We also went to the Museum of Religion, but as it was under restoration we ended up having a conversation with a fortune-teller about the Yoruba religion (carried over to Cuba by the African slaves). Its still widely practiced here, and the Orishas (Yoruba gods) are represented in a wide variety of Cuban music and art
After Adrien left Santiago, I decided to stay a couple more days, and Ondina took it upon herself to take me to visit some of her family members. How sweet! I also met Deniz and Hana, a couple from Harvard who I spent my last day in the city with, climbing La Gran Piedra. It is meant to have an incredible view, that at times allows you to see Haiti and Jamaica. Unfortunately we saw nothing but clouds. After a final Salsa session at the Casa de la Trova, I continued my journey to Baracoa in the Guantanamo region.
La belleza de Guantanamo
I took the 5 hour bus to Baracoa, on the far eastern tip of Cuba.
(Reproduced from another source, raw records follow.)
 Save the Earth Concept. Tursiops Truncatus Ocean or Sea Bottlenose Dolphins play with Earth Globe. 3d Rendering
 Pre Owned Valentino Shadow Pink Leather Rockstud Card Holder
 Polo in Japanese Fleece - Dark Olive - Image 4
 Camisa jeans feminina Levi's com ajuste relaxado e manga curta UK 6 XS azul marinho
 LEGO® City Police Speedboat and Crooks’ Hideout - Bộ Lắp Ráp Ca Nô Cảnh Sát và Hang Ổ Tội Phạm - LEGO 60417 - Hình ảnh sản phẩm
The descent through the mountains was incredible to see...with the views of the coast, sea and leafy vegetation. From what I saw, most of Guantanamo is like this...really lush. My time in Baracoa was split between lazing on Maguana beach, a pretty crescent shaped white sand beach with plenty of natural shade, and hanging out by the Casa de La Trova with some Spanish and Italian travelers. I must have had about 6 cups of coffee one day, at it was the best I have ever tasted..... seriously! Really dark and has an earthy taste.
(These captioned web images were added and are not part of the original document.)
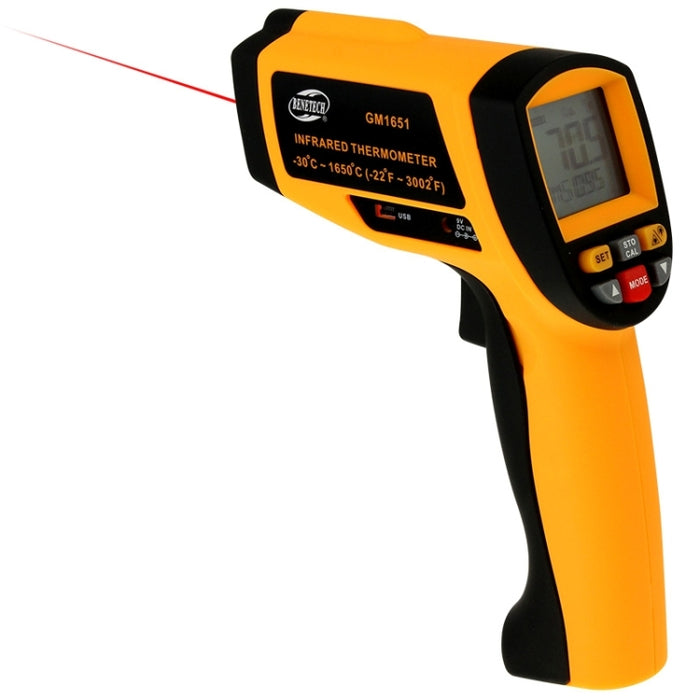 BENETECH GM1651 USB Digital Display Temperature Gun Handheld Infrared IR Thermometer, Measure Range: -30~1650C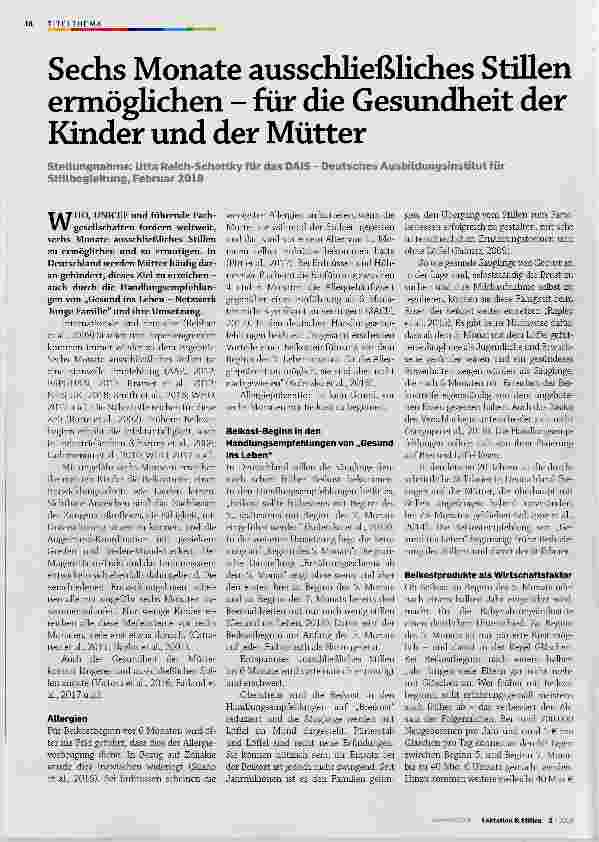Vorschauseite 1: Sechs Monate ausschließliches Stillen ermöglichen für die Gesundheit der Kinder und der Mütter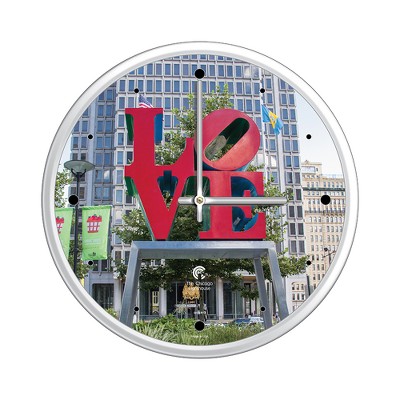 12.75" x 1.5" Philadelphia Love Sculpture Decorative Wall Clock White Frame - By Chicago Lighthouse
Corruption of the Bureaucracy
After wondering the town and doing the usual sight seeing, I met a tourist guide who I started talking to about farming here
He then went on to talk resentfully of the CDR, who supposedly benefit from their positions. They apparently always hold back a little of what they distribute, and generally look plumper than other Cubans. All the way up the bureaucracy, he said, the state hold back money, earn higher salaries etc. When I asked why after serving their terms nobody says anything, he explained that after their positions they are secured with good jobs (as managers or chiefs) and recurring rewards so that they can live indefinitely better in the future.
Tourisim in Trinidad
So after 15 hrs in a freezing bus, I arrived in Trinidad
This is definitely the most touristic city I have been to yet. I hadn´t seen such a concentration of travellers in Cuba before, and it was clear that the town had changed because of it. There were a lot of old and young people shamelessly begging for things on the street (some who were even dressed quite well), and the youths generally looked qutie materialistic - supporting Adidas trousers, designer labels and sunglasses that they had received from tourists (perhaps in exchange for something of theirs).
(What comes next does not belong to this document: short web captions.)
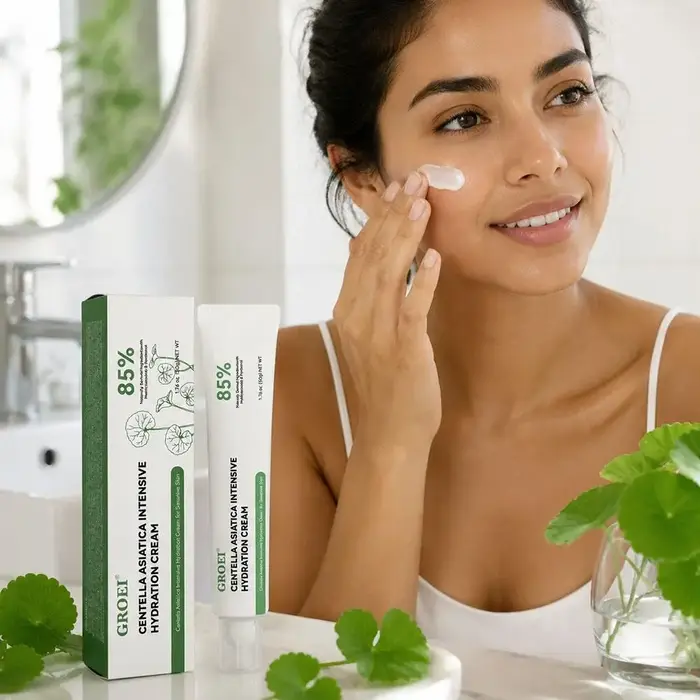 Crème pour le visage à la Centella Asiatica, réparatrice de la barrière cutanée à la céramide, hydratante pour les peaux sensibles sujettes à l'acné, crème de nuit apaisante et hydratante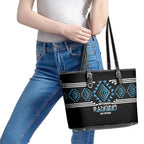 Aotearoa Atua Ranginui Leather Tote Bag Maori Sky Father Taniko Motifs
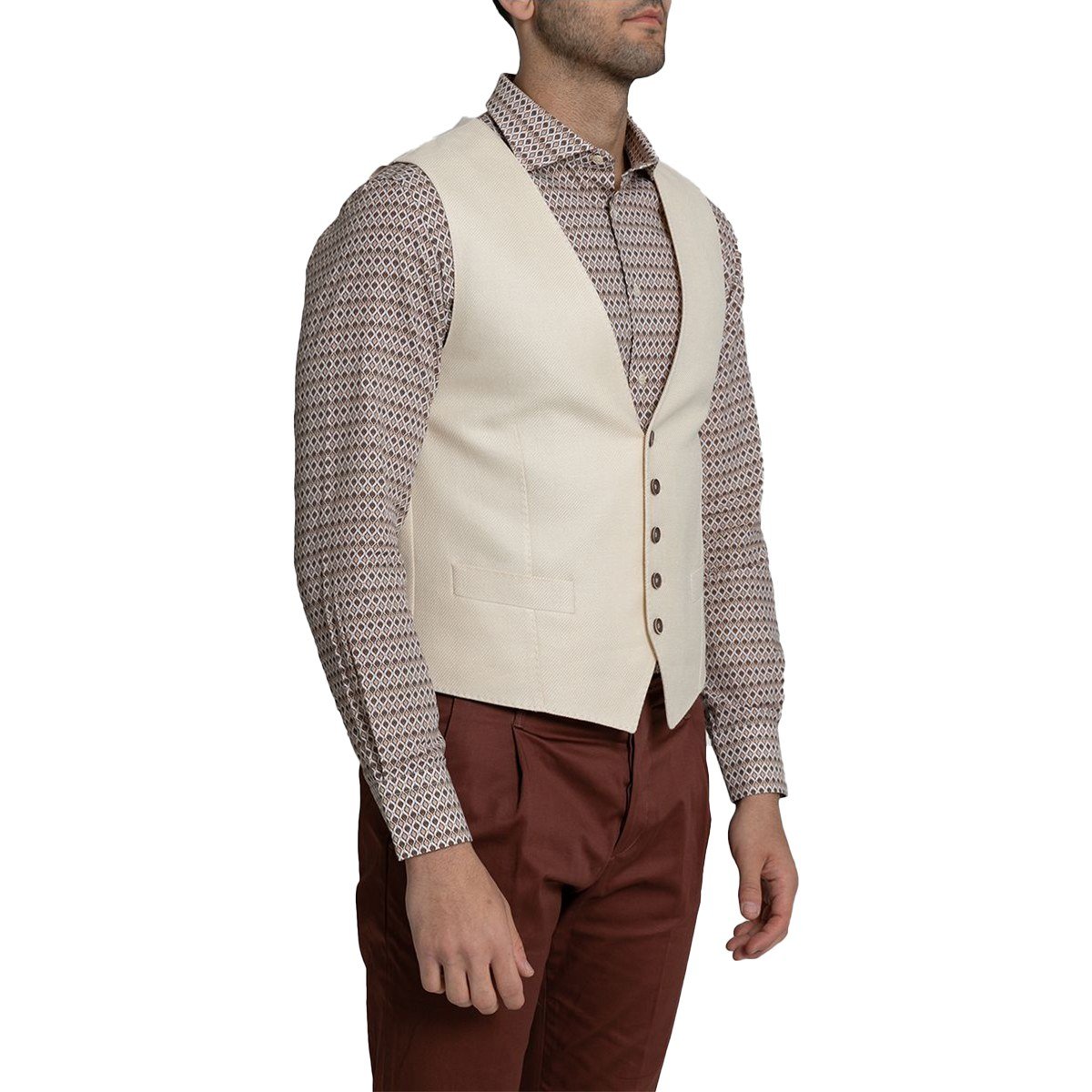 Ανδρικό Μπεζ Ecru Waistcoat Jacket SARTORIA MONK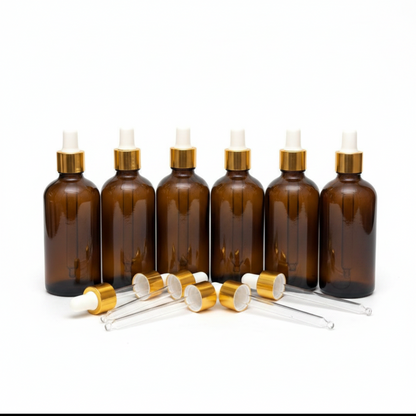 100ml Amber Glass Dropper Bottle – Pack of 12 | Empty Refillable Bottles for Essential Oil, Serum & Cosmetics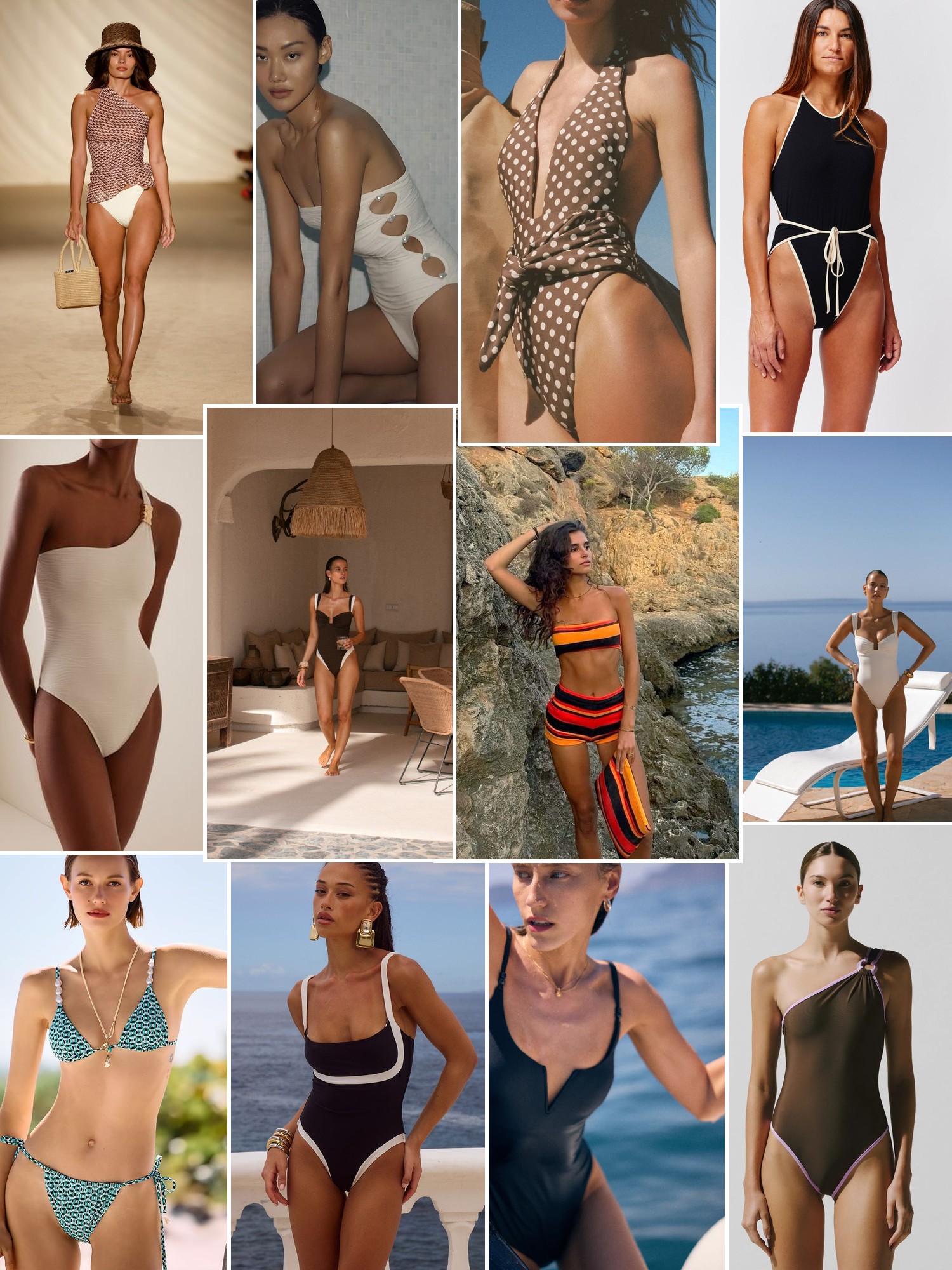Collage of swimwear on sunlit beaches and by the water, in the spirit of La Porte
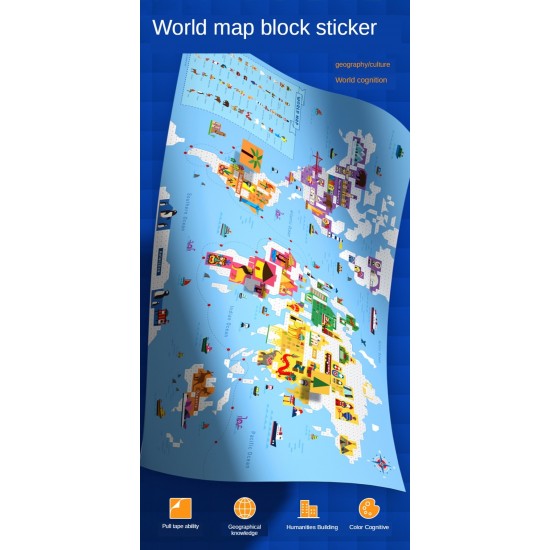 Harta lumii cu 1500 autocolante Midder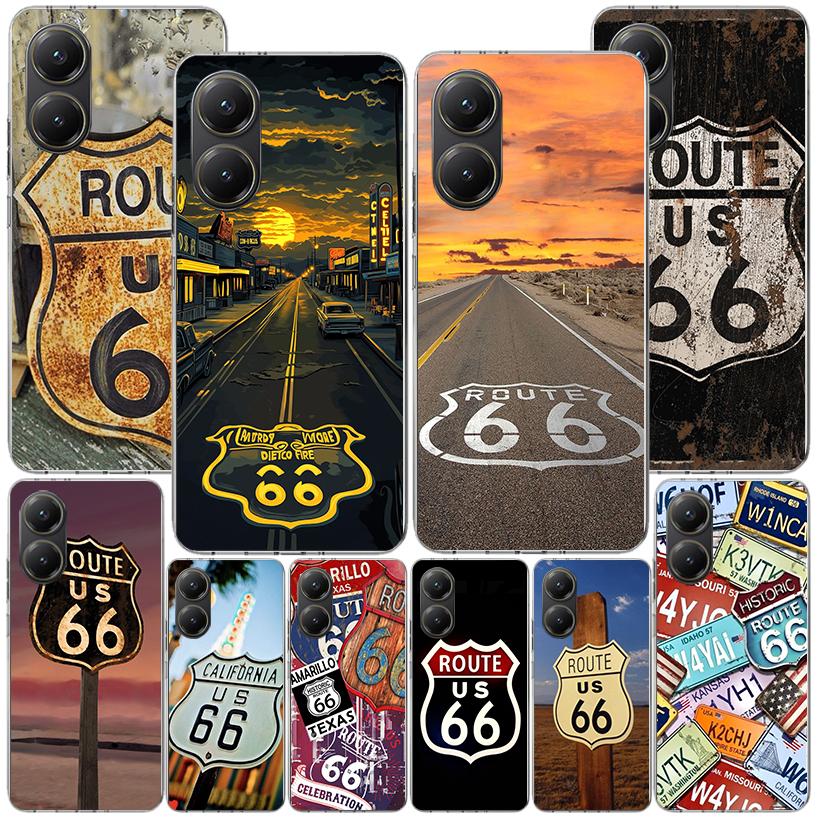 America Route 66 Phone Case For Xiaomi Poco X7 X6 X5 Pro F7 Ultra Redmi 15C 15 13C 13 12C 12 10 10A 10C 9 9A 9C 9T Cover Poco X7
Walking down the streets, there was the usual "where you from?.....friend, do you have something for me from your country?". Sometimes you would just enter a normal conversation with someone, and 3-4 minutes into it, they would ask you for something. Having said that, only a minority of people in Trinidad are like this, but it was all really exposed.
The morning I arrived, I ended up going to Playa Ancon with a Swiss couple (Phillip and Sarah) who are renting a car for a month. My first experience on a Carribbean beach was really something. The water was crystal clear, and as calm as a lake. After spending the day relaxing on the beach and snorkelling, we drove along the coast to catch the sunset. The place we stopped at was rocky with a lot of coral, and Phillip decided on a pre-dusk swim. As he was changing, he dropped his car keys into the water....and we completely freaked out! Luckily he managed to find them again before it got dark, so we were OK. In the evening we sat by las escaleras (the steps) outside the church, where everyone gathers to dance and listen to live salsa music...before moving on to a club deep inside a cave on the mountainside. This was really impressive as you had to go down a couple of flights of stairs until you were quite underground. The DJ box was perched high above the dance floor, almost hitting the roof of the cave.